Doesn’t it always happen that someone mentions something interesting which you remember knowing about in the dim and distant past (little more than a week for me) and then blow me, if you don’t immediately find another reference to it (and often another and another, as if you can;t get away from it)? Well, whilst bouncing over the more boring bits of inland Cornwall from St Austell to St Ives, on our way back from the Eden Project, conversation had turned to nutmeg and specifically the nutmeg wars of the C16-C17th which became focused on the Isle of Run (sometimes spelt Rhun). And wouldn’t you know it, when tucked up in our fisherman’s cottage and I opened my new books, I found nutmeg was indeed one of ‘the 100 plants that almost changed the world’.

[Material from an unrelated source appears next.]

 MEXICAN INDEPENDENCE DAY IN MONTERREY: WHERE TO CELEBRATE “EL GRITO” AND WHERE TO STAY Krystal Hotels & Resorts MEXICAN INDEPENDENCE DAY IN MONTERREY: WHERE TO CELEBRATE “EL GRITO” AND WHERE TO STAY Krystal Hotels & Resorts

However, the entry on nutmeg was superficial and brief (true of all the entries) and concentrating on the genocide of the local population at the hand of Dutch East India Company had left the story of Run hanging at that point. But the nutmeg wars continued on and off for more than 50 years and at their close led to an exchange of colonial lands that make it clear that nutmeg DID change the world. Let me briefly outline what happened.
Originally, the most commercially important species of nutmeg came only from the Spice Islands of Indonesia, and more specifically from the Banda Islands, 11 small volcanic outcrops, one of which, Run(or Rhun) was particularly blessed with the plant. The Portuguese were the first to trade with the islands in nutmeg but, never establishing a land base, were unable to control the trade. The Dutch East India Company (VOC) saw the Portuguese off and, wanting nothing less a monopoly in the spice made terrible war on the Banda Islanders, killing and enslaving over 90% of the population. Run, however, had been difficult to subdue and success here fell to the British who made a deal to buy all the island’s nutmeg production in exchange for protecting Run against Dutch aggression.

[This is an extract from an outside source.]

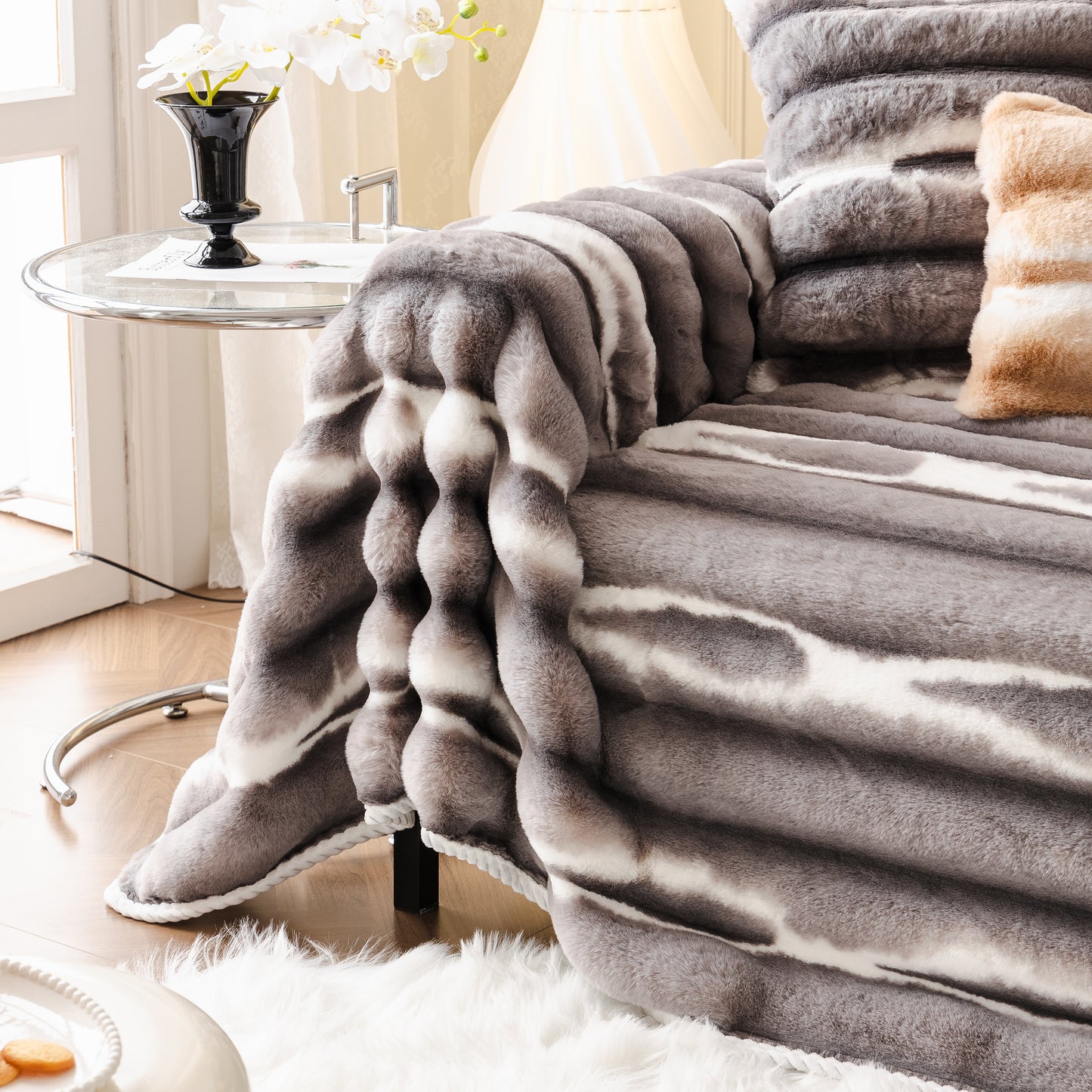 Extra Large Faux Fur Gradient Couch Cover Blanket: Plush, Fluffy, Warmth, Perfect Throw on the Sofa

In fact, Run, (in 1616, I think) became the first overseas British colony. In 1667, at the Treaty of Breda, some 50 years later, the British negotiated the exchange of Run for Manhattan. So, New Amsterdam became New York, all for a few sacks of nutmeg which by this time anyway the British and the French had been growing successfully elsewhere. (It is strange that Beardshaw’s book omits the coda about how the British got their hands on Manhattan, although, to be fair it has to be said that the circumstances around the giving up of Manhattan were very much more complicated than a straightforward swop.)

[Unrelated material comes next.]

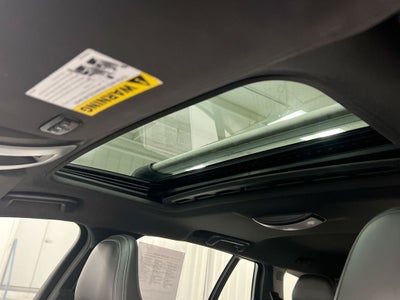 2017 Volvo V60 T6 R-Design Platinum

But my nutmeg connections were not yet finished for on our bookshelves is Giles Milton’s ‘Nathaniel’s Nutmeg’, a wonderful accessible narrative history (and bestseller in 1999) looking at the English adventure on Run in detail through the eyes of Nathaniel Courthope as he negotiated with head hunters and cannibals and with a minute force staved off Dutch forces 100 times greater than his own. In truth Nathaniel Courthorpe only occupies a little more that a tenth of the book (towards the end) and in fact he only kept the Dutch off for five years until he was ambushed and killed. But Milton has researched his subject well and the first part of the book is a rollocking read devoted to the early voyages of discovery and the quite dreadful conditions on those boats buffeting their way to the Spice Islands. I rather like this sort of history book – and have enjoyed other similar books by Giles Milton. It is, however, appalling that, having had it read to me (while sewing) nearly 10 years ago, it took me several hours after our conversation about Run to remember I’d read a whole book based on the island’s story!
You’ll no doubt be relieved to know that these are the last of my embroidered patchwork stars. Next week, it will be back to showing you more flowers embroidered for the altar frontal work on which continues feverishly as we countdown the days to our last month here. (We do have a month’s grace after that before we have to be out of the vicarage, but I would like to finish the altar frontal sooner, rather than later.)
8 Comments
Good luck with your deadline!
However interesting a book is, sometimes it takes a while for the memories to come out of long-term storage…
And it is strange what triggers those long held but seemingly lost memories back to the surface – surely one of the joys of getting older.
I do hate that about myself too. I wish I remembered all the things I’ve learned, sometimes two or three times over.
The reverse of that can be a joy when things come at you from a surprising angle and you discover that you have remembered something you thought you’d forgotten – if you see what I mean!
I can read something, be wildly fascinated by it, and forget it within the day. Awful. Memory is a slippery fish for sure X
That’s why we have to talk about what we read which files things in mind in a different and probably additional way – more change of bits of ideas bumping into other bits and triggering a memory – she said in a stupendously uninformed way.
I love the aroma of nutmeg, reminds me of rice pudding when I was very young. I still love rice pudding. How many wonders we take for granted as we lift them off the supermarket shelf, how times change don’t they?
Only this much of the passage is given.